Economic globalization is when transfer of capital and trade across national boundaries increase worldwide. In this definition, "trade" means the buying and selling of goods and services. "Transfer of capital" means investing in companies or speculating (anything that involves direct transfer of money). "Across national boundaries," in this case, applies to international trade, trans-national companies, and companies that operate in a different country than they are owned/managed.
This era of globalization first began, arguably, in the early 1980s when the International Monetary Fund (IMF) and the World Bank offered to buy bad debt and offer low interest rates to countries in the depth of the third-world debt crisis. In exchange, the economies of the third-world countries were restructured, allowing for increased global trade and companies from wealthy countries to move their production abroad to save money.
There are many key characteristics of the current economic globalization movement. In order for it to occur, economic globalization requires the privatization of government-owned businesses. This allows for international free trade, which many see as a defining characteristic of globalization. During economic globalization, markets are also opened up, and limits on trade and capital transactions are lifted. Tariffs, quotas, and other restrictions are lifted, leading to a more even "playing field" for global companies.
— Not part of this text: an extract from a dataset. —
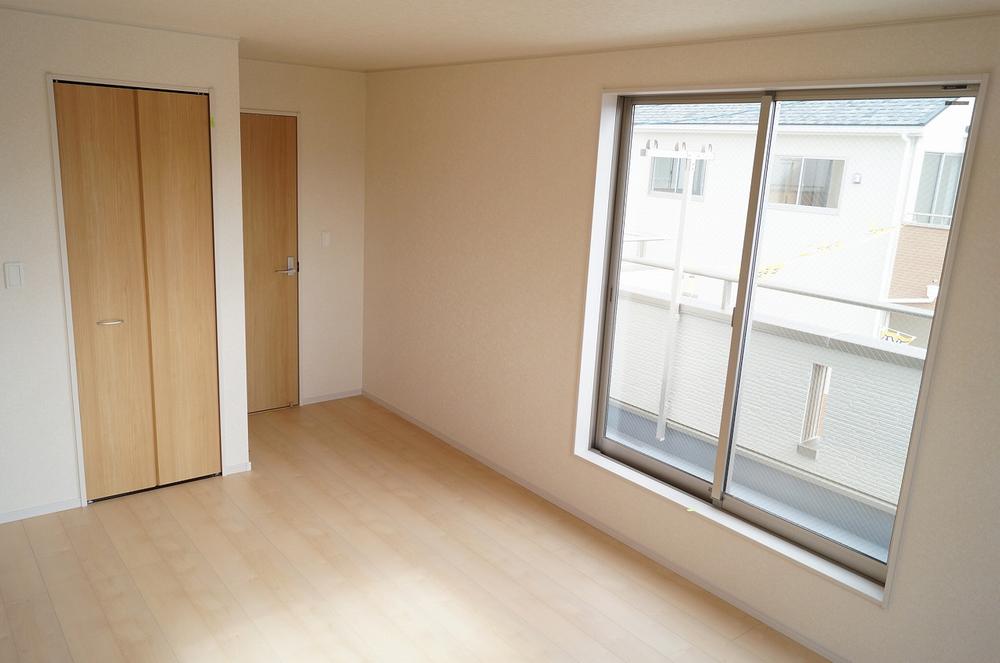 Non-living room. Local photos (Western-style)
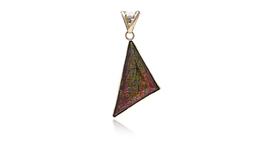 Thumb ammolite triangle 1100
Pros, Cons, and Implications
There is a lot of argument about whether economic globalization is a good thing, and how it affects individual countries. Many people view globalization negatively for several reasons. First, they argue that it shifts many jobs overseas, raising the unemployment rate in the United States. The shift of jobs to foreign countries puts pressure on competing companies in the US, causing them to either lower wages for their workers or to also move their work abroad. Economic globalization also causes strictly US-based companies to lose their advantage to companied overseas, which can produce the same amount of good at a lower cost because of lower minimum wage laws.
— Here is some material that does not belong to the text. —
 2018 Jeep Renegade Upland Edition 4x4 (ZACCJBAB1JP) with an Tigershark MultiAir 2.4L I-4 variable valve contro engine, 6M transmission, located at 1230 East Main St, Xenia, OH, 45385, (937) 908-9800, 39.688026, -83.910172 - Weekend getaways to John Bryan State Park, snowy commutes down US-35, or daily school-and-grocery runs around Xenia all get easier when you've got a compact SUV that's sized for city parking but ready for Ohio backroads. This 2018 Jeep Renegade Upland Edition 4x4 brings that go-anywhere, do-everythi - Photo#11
Despite these negative aspects of globalization, there are many proponents of it who make a strong case for globalization as a good thing. They argue that when countries produce goods and services for which they have a comparative advantage, production increases, which also raises the standard of living. Global competition also keeps prices down, theoretically preventing inflation from destroying large economies. Free trade and global markets also keep interest rates low and allow foreign investment as well as innovative ideas from around the world.